### WHAT IS NEEDED
Every line of the material must be restated exactly, though not its pictures.

### SOURCE DATA
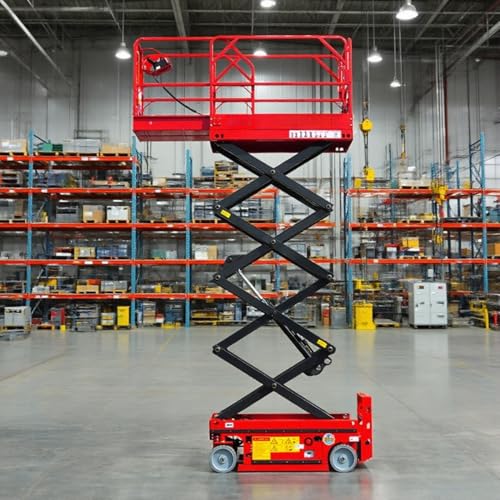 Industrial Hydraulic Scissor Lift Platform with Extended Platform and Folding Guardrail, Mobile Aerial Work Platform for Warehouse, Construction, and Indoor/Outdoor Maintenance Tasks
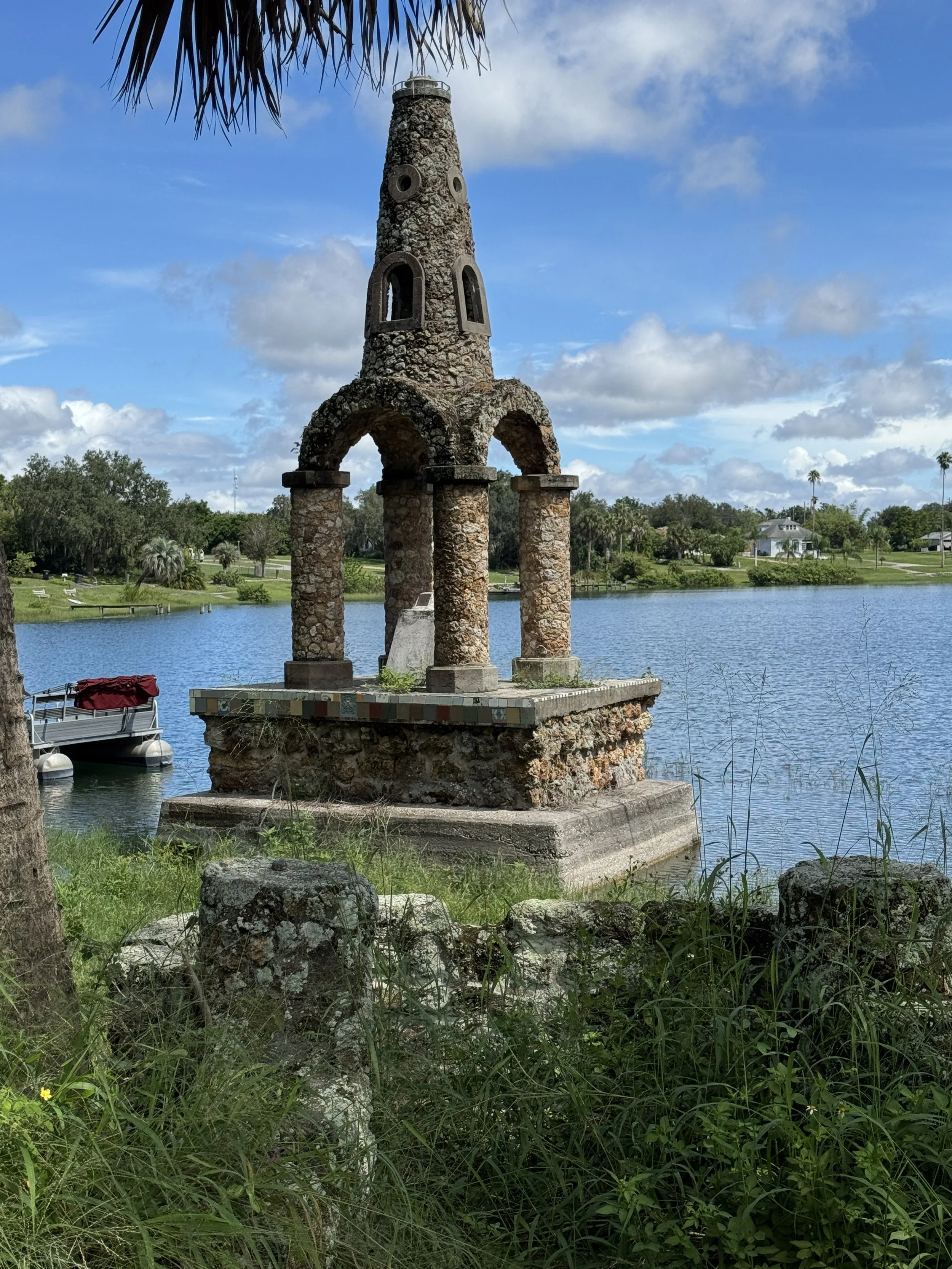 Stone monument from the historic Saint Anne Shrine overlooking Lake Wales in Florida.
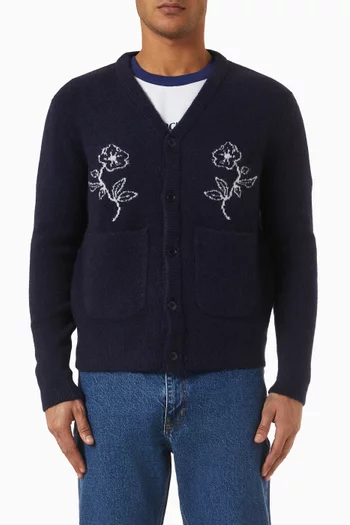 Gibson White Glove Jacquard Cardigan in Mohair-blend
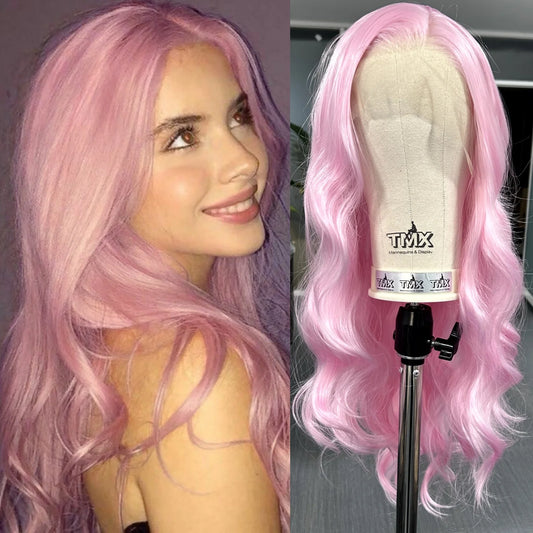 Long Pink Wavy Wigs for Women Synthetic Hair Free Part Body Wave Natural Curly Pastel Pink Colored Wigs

### OUTPUT FOR THIS EXERCISE
 Industrial Hydraulic Scissor Lift Platform with Extended Platform and Folding Guardrail, Mobile Aerial Work Platform for Warehouse, Construction, and Indoor/Outdoor Maintenance Tasks
 Stone monument from the historic Saint Anne Shrine overlooking Lake Wales in Florida.
 Gibson White Glove Jacquard Cardigan in Mohair-blend
 Long Pink Wavy Wigs for Women Synthetic Hair Free Part Body Wave Natural Curly Pastel Pink Colored Wigs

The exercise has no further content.